CTCs were enriched from 7.5 mL of a patient’s whole blood at the Circulating Tumor Cell Core Facility (Brigham and Women’s Hospital, Boston, MA) using the Circulating Tumor Cell Profile Kit (Veridex/Janssen Diagnostics, Raritan, NJ). Processed samples were received as cells suspended in 900 uL of buffer. An equal volume of PBS was added before tubes were spun down at 200 × g for 8 min. Supernatant was carefully removed, leaving approximately 60 uL of buffer. Cell pellets were gently resuspended and the suspension was applied on the labeled slide and allowed to dry in the vacuum desiccators at room temperature. Slides were placed in methanol at −20 °C for aging and storage.

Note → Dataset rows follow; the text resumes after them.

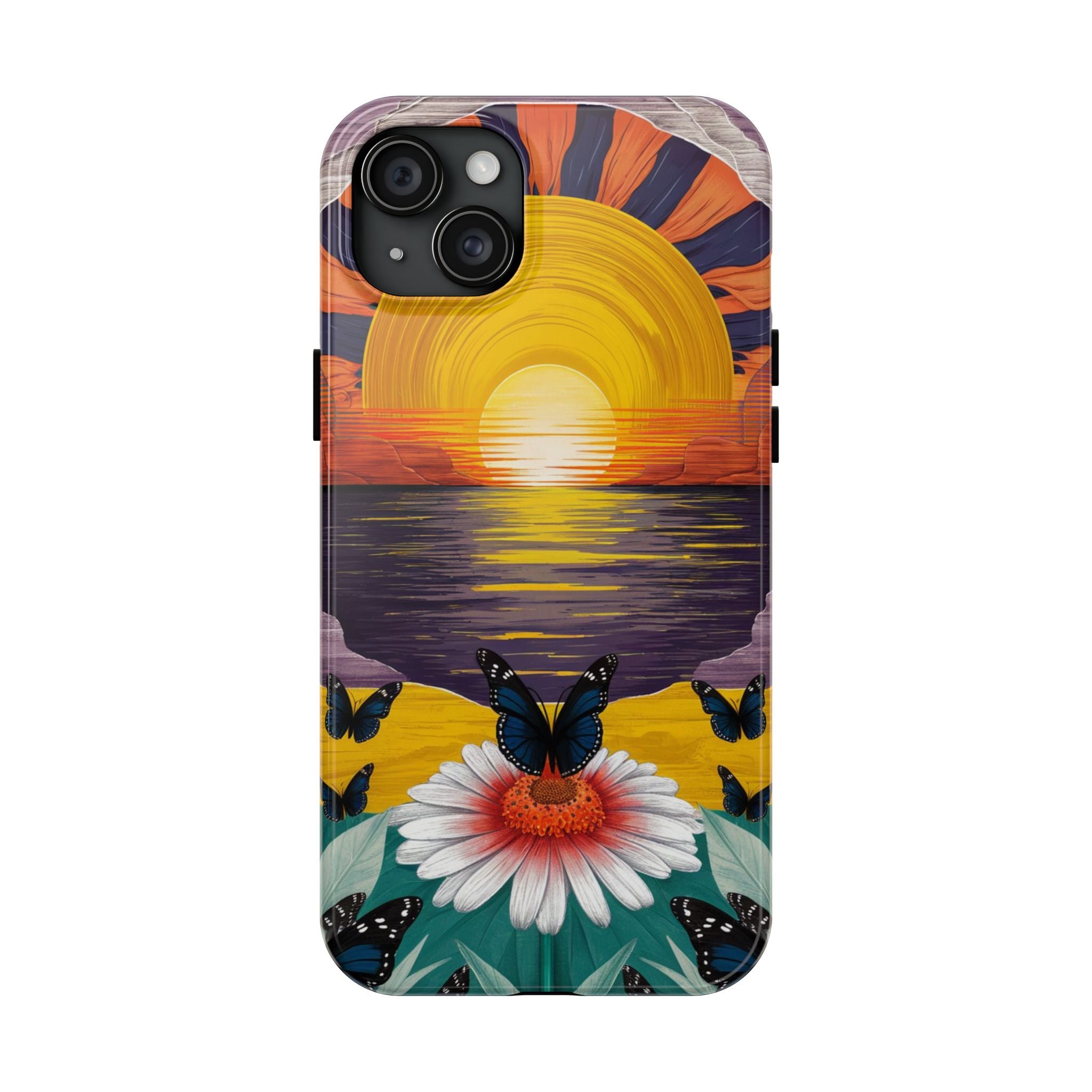 Butterly Sunset Beach - Tough Case for iPhone 14, 15, 16 - Spruced Roost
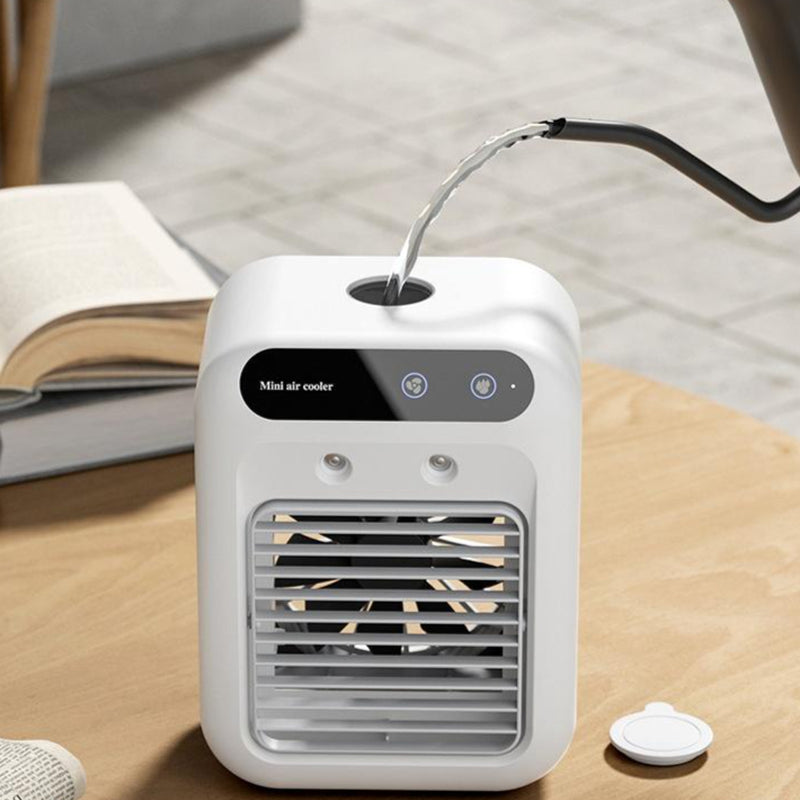 Portable Air Conditioning Unit for Rooms, Offices, and Vehicles - Water-Cooling Fan System
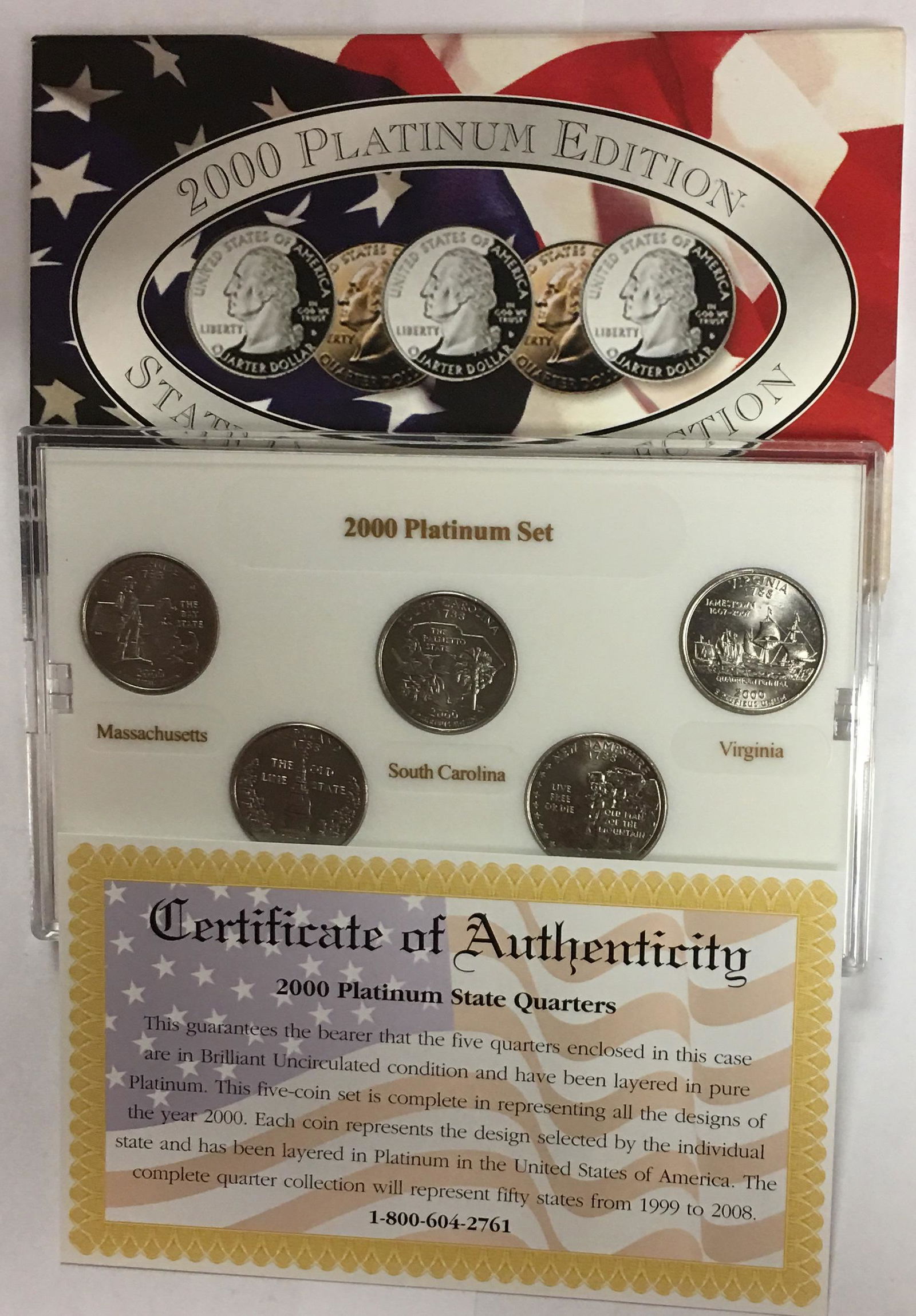 2000 P Platinum Edition State Quarter Collection w/Box BU (1 of 4)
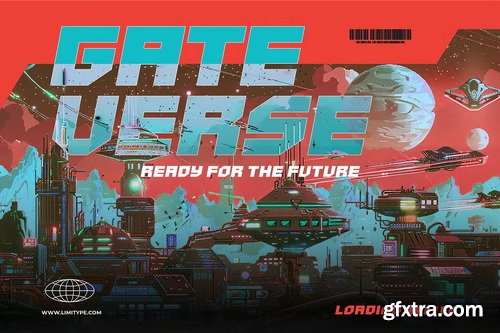 CreativeMarket - Cyberform Futuristic Font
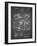 PP11 Black Grid-Borders Cole-Framed Giclee Print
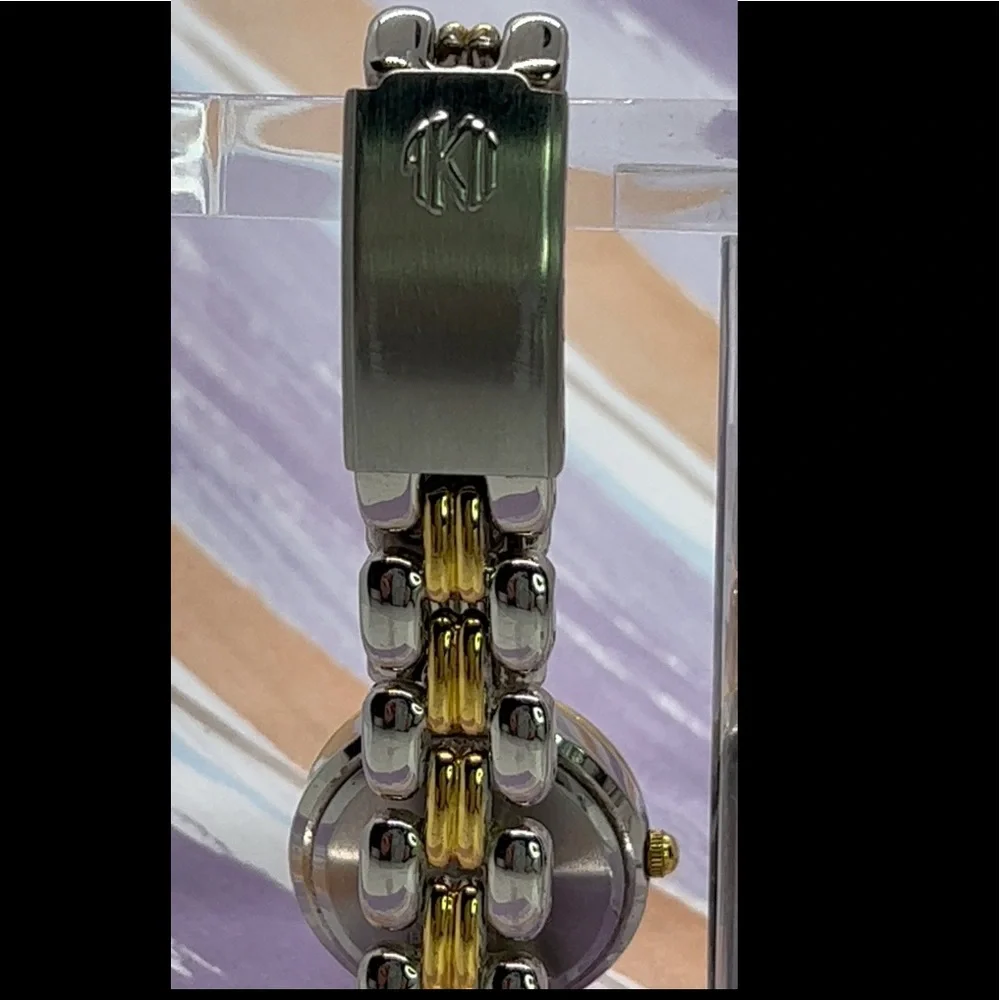 Ann Klein II Gold & Silver-Tone Water Resistant Wristwatch - Picture 5 of 6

For FISH, dried slides were treated in 2 × SSC at 37 °C for 30 min, followed by 10 min of treatment with 0.002 % pepsin solution in 0.01 M HCl at 37 °C and 15 min of fixation in 1 % formalin at room temperature. Slides were dehydrated in the series of ethanols, dried and co-denatured with MET/CEP7 FISH probe (Kreatech/Leica Microsystems Inc., Buffalo Grove, IL) on an 80 °C plate for 2 min. Hybridization was carried out at 37 °C overnight, followed by a 0.4xSSC/0.3 % Igepal wash at 72 °C for 3 min and a 2 × SSC/0.1 % Igepal wash at room temperature for 1 min. Slides were dehydrated in the series of ethanols, and dried before application of Vectashield mounting medium with DAPI (Vector Laboratories Inc., Burlingame, CA). FISH signal evaluation and acquisition were performed manually using filter sets and software developed by Applied Spectral Imaging (Carlsbad, CA).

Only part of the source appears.